I am trying to learn neural network for visualization and want to use chickens as my example. I figured I can scrape all the pictures of chickens off google images since when I search for images of chickens on google I get a bunch of results that keep scrolling down. However, after I scraped all the images the length of my images are only 20. I thought the problem was the pictures might be indexed by pages but as i said, in my browser, there are no pages, there is only a single page that keeps scrolling down so I don't know how to scrape the rest of the pictures after the first 20.
from bs4 import *
import requests
import os
r = requests.get('https://www.google.com/search?q=chickens&client=firefox-b-1-d&sxsrf=AOaemvLwoKYN8RyvBYe-XTRPazSsDAiQuQ:1641698866084&source=lnms&tbm=isch&sa=X&ved=2ahUKEwiLp_bt3KP1AhWHdt8KHZR9C-UQ_AUoAXoECAIQAw&biw=1536&bih=711&dpr=1.25')
soup = BeautifulSoup(r.text, 'html.parser')
images = soup.findAll('img')
images = images[1:]
Not a perfect solution but I think it will work...
First, googles server has to recognize you as a mobile client so you have a next button at the end of the screen
use this link for your search https://www.google.com/search?ie=ISO-8859-1&hl=en&source=hp&biw=&bih=&q=chickens&iflsig=ALs-wAMAAAAAYdo4U4mFc_xRYkggo_zUXeCf6jUYWUjl&gbv=2&oq=chickens&gs_l=heirloom-hp.3..0i512i433j0i512i433i457j0i402l2j0i512l6.4571.6193.0.6957.'
Then since you have a next button you can then scrape the href of the 'next' button
after you have the href you can then do another requests.get(new url)
and repeat
To visualize what I'm talking about
The next page you would get if you were to request the next button href
This looks like a half-automation scraping case, so you may manually scroll the page to the end, and then use python to scrape all the images.
There could be a "show more" button when scrolling down the page, you can click it and continue. There are total 764 images found in my search and can be easily scraped with python.
findAll('img') will get all images including non-result ones. You may try some other libraries to do the scraping.
We can scrape Google Images data from inline JSON because the data you need renders dynamically.
It can be extracted via regular expressions.
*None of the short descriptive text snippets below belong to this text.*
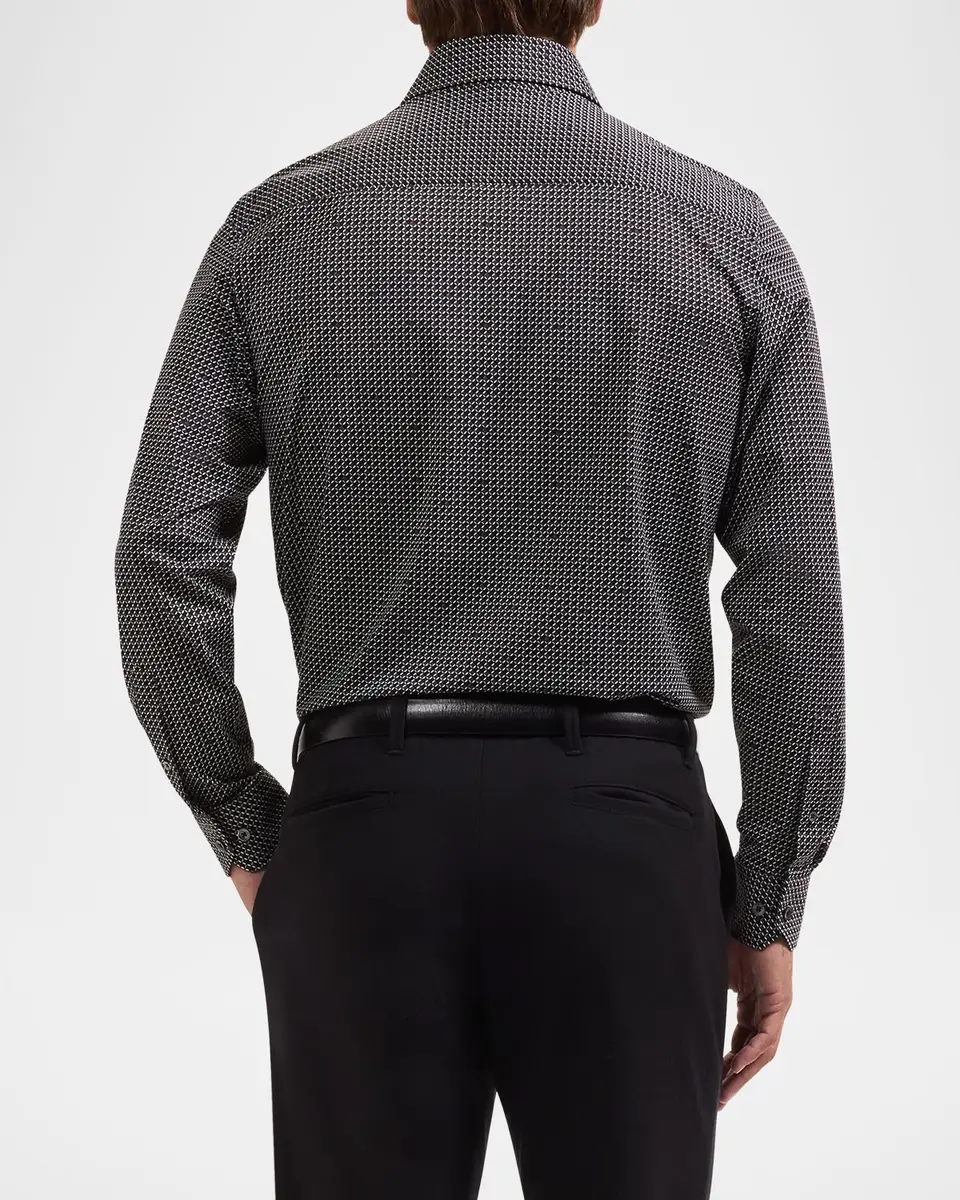 Bugatchi Men's Devon Ooohcotton Stretch Geometric Dress Shirt | Thumbnail 3 Bugatchi Men's Devon Ooohcotton Stretch Geometric Dress Shirt | Thumbnail 3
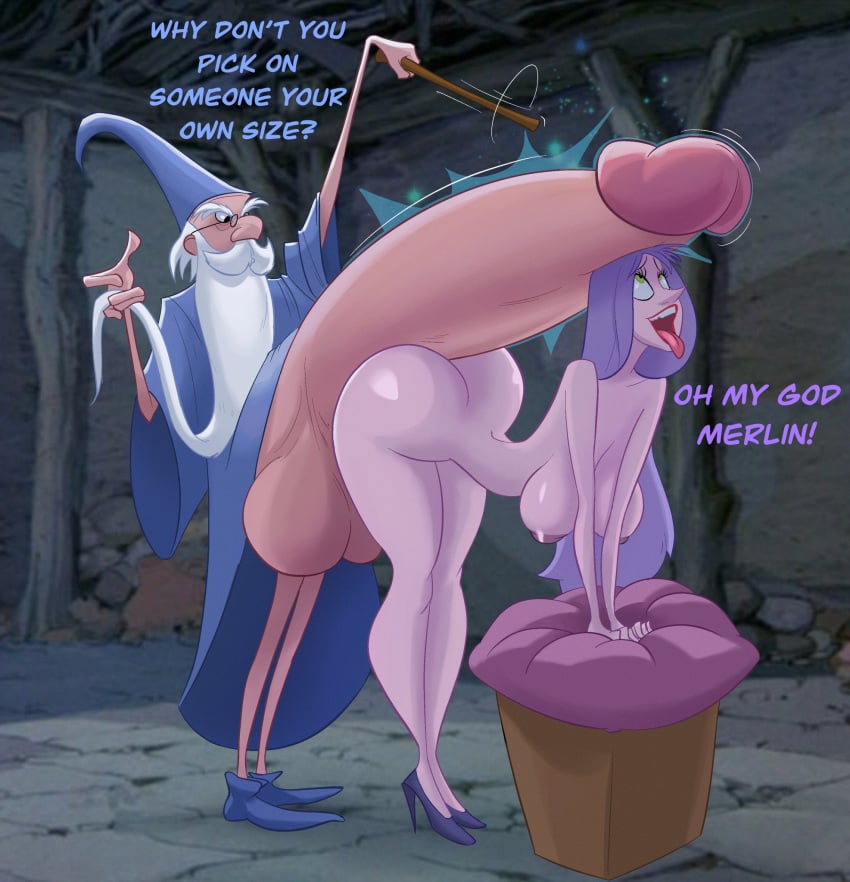 arthurian_legends ass big_ass big_breasts bimbo breasts detailed_background disney disney_villains english english_text gigantic_penis gilf green_eyes heels_only high_heels huge_testicles hyper hyper_balls hyper_penis john_coffe large_breasts lipstick long_beard long_hair looking_at_penis madam_mim magic mature_female mature_male merlin naked nipples nude nude_female open_mouth penis purple_hair testicles the_sword_in_the_stone wand white_beard white_hair witch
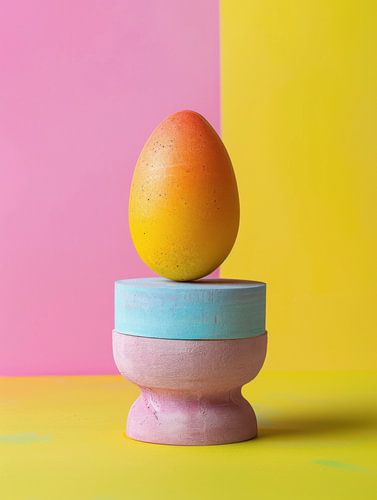 Buntes Osterei auf pastellfarbenem Sockel von Mosaic Dialogue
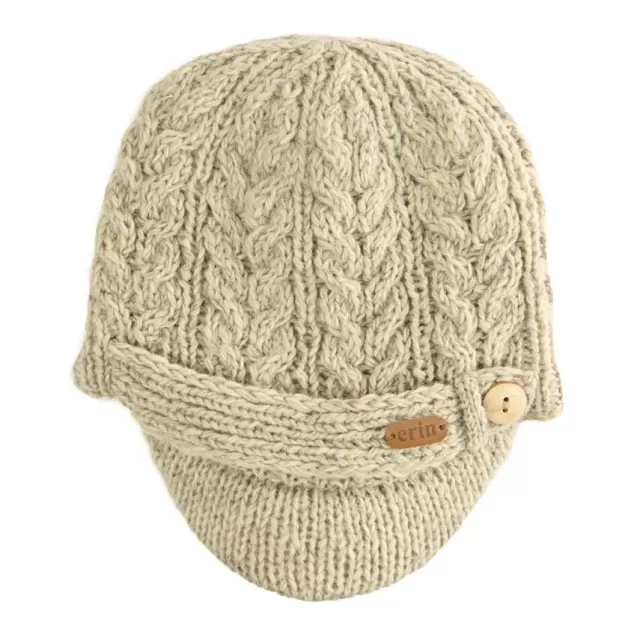 Women Sweater Shop Aran Cable Peak Hat Oat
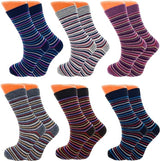 6 Pairs - Luxury Combed Cotton Crew Socks for Women Colorful Casual Socks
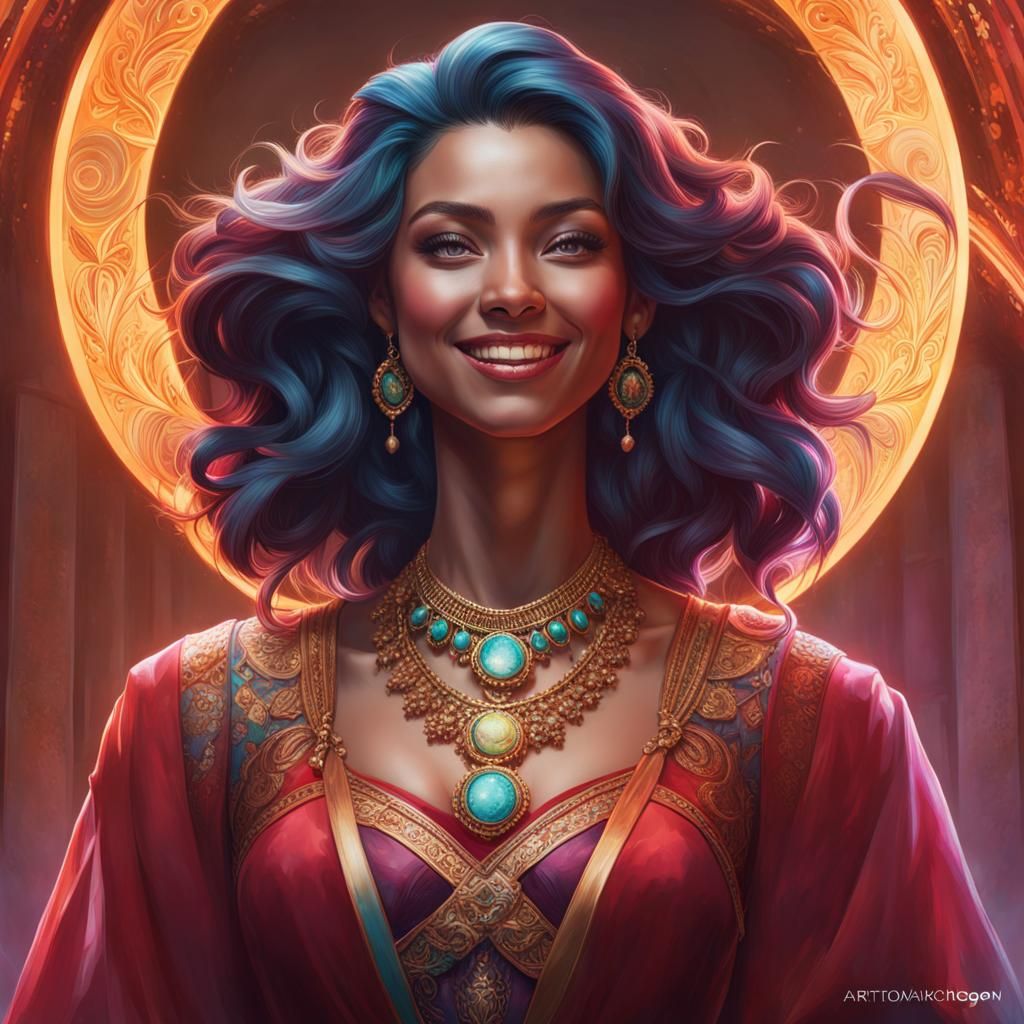 Detailed Portrait of a Smiling Human Muse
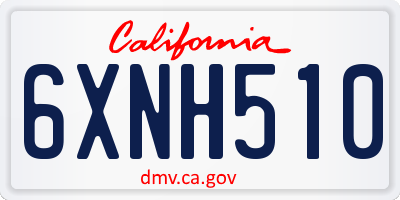 CA license plate 6XNH510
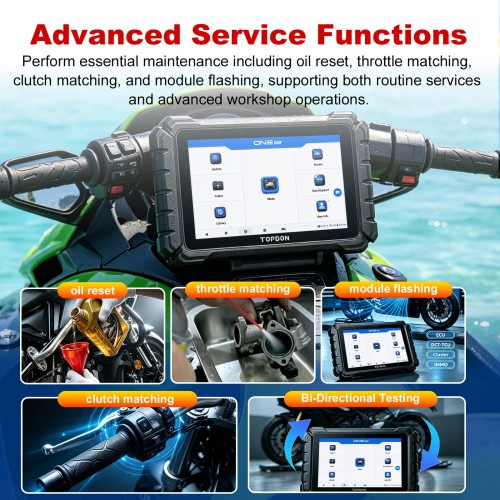 TOPDON ONE Moto Diagnostic Scanner for Motorcycles, ATVs and Marine Vehicles, 2 Years Free Updates, 45 Languages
To do that, we can search for the first image title in the page source (Ctrl+U) to find the matches we need and if there are any in the <script>> elements, then it is most likely an inline JSON. From there we can extract data.
First of all, we use a regular expression to find the part of the code that contains the information we need about the images:
# https://regex101.com/r/48UZhY/4
matched_images_data = "".join(re.findall(r"AF_initDataCallback\(([^<]+)\);", str(all_script_tags)))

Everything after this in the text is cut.